━━━━━ Data records ━━━━━

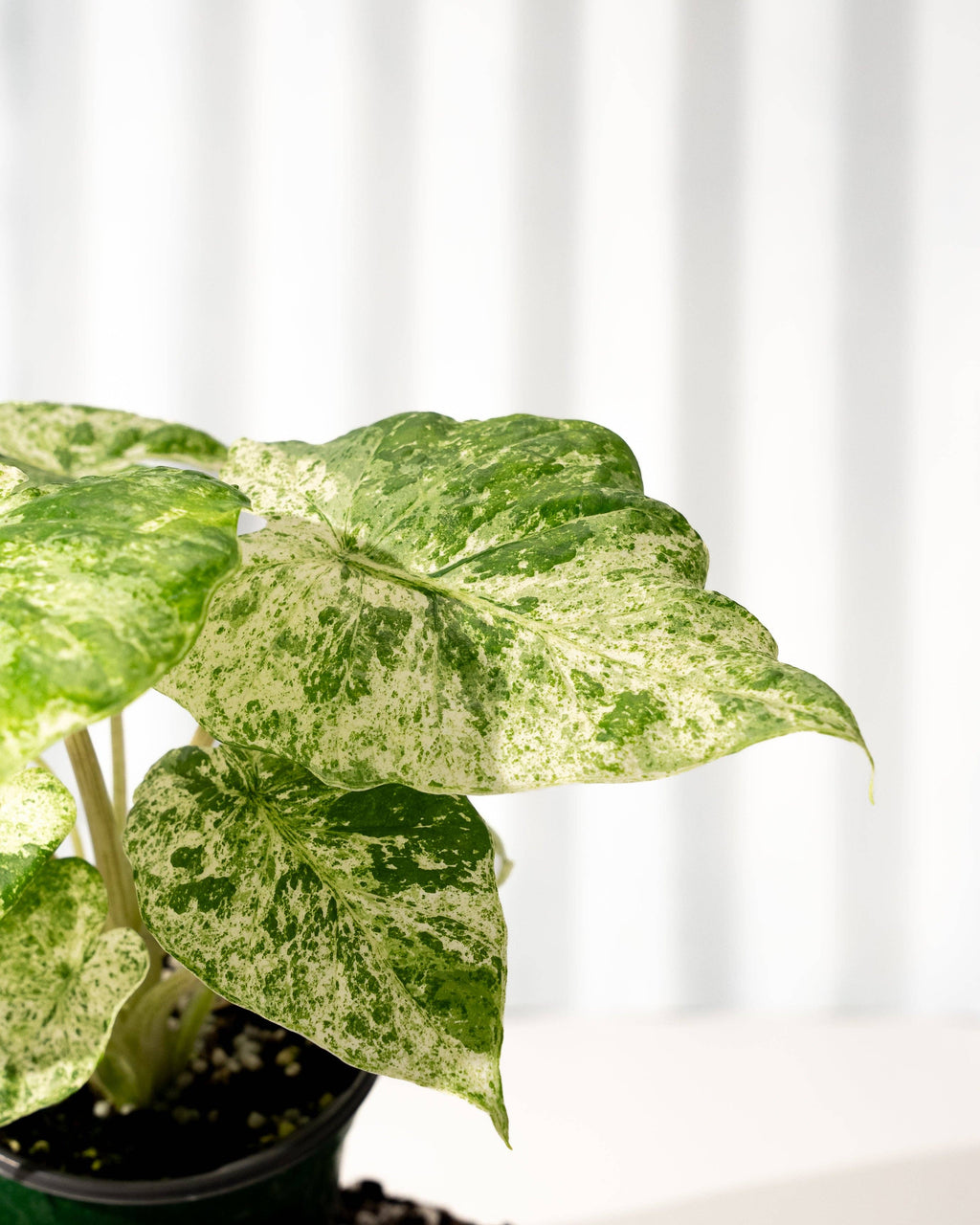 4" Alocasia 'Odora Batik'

━━━━━
━━━━━ Data records ━━━━━

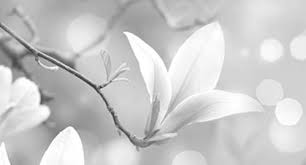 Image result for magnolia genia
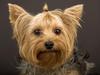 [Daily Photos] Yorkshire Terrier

━━━━━
━━━━━ Data records ━━━━━

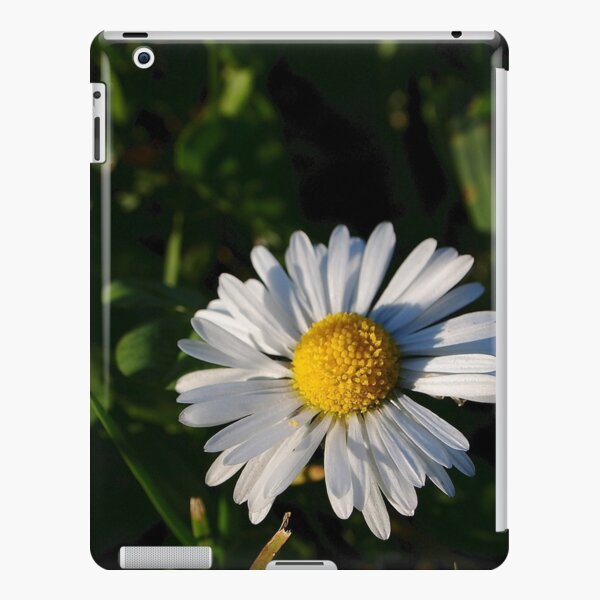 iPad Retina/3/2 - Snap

━━━━━

■ Exercise:
Beginning with the line that contains "Image result for magnolia genia", write out the lines of the material above exactly, and end with the line that contains "[Daily Photos] Yorkshire Terrier". Omit the pictures.

■ Response to the exercise:
 Image result for magnolia genia
 [Daily Photos] Yorkshire Terrier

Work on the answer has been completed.